Galileu se encontrava no processo de fazer uma importante contribuição para a construção de uma nova mecânica, que provaria ser capaz de suportar uma experimentação detalhada num estágio posterior. Não é necessariamente surpreendente que seus esforços envolvessem experiências de pensamento, analogias e metáforas ilustrativas em vez de experimentação detalhada. Sugiro que a história típica de um conceito, seja ele “elemento químico”, “átomo”, “o inconsciente” ou qualquer outro, envolve uma aparição inicial do conceito como uma idéia vaga, seguido por seu esclarecimento gradual quando a teoria na qual ele desempenha um papel assume uma forma mais precisa e coerente.
A emergência do conceito de campo elétrico nos dá um exemplo especialmente notável, embora um tanto técnico. Quando primeiro o conceito foi introduzido, por Faraday, na quarta década do século XIX, ele era muito vago, e era articulado com a ajuda de analogias mecânicas e um uso metafórico de termos como “tensão”, “poder” e “força”.
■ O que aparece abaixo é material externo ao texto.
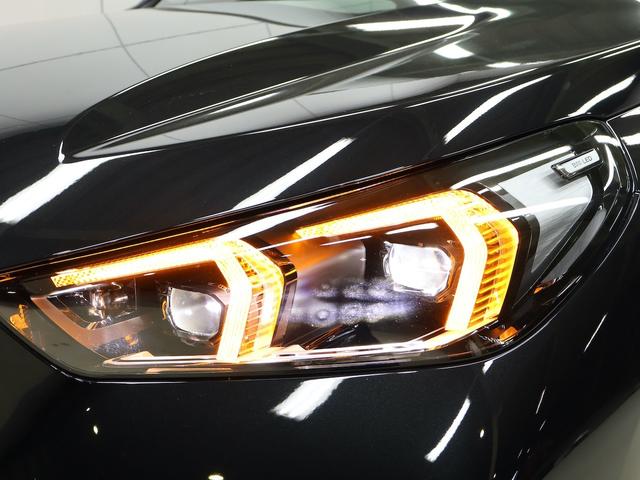 iX1 xDrive 30 Mスポーツ ヴェガンザアルカンタラコンビレザー・ヘッドアップディスプレイ・ハンズオフアシスト・デジタルキー・全方位カメラ(53枚目)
O conceito de campo tornou-se cada vez mais bem definido quando foram ficando melhor especificadas as relações entre o campo elétrico e as outras quantidades
eletromagnéticas. Quando Maxwell introduziu sua corrente de deslocamento, foi possível dar uma grande coerência à teoria sob a forma das equações de Maxwell, que estabeleceram claramente o inter-relacionamento entre todas as quantidades do campo eletromagnético.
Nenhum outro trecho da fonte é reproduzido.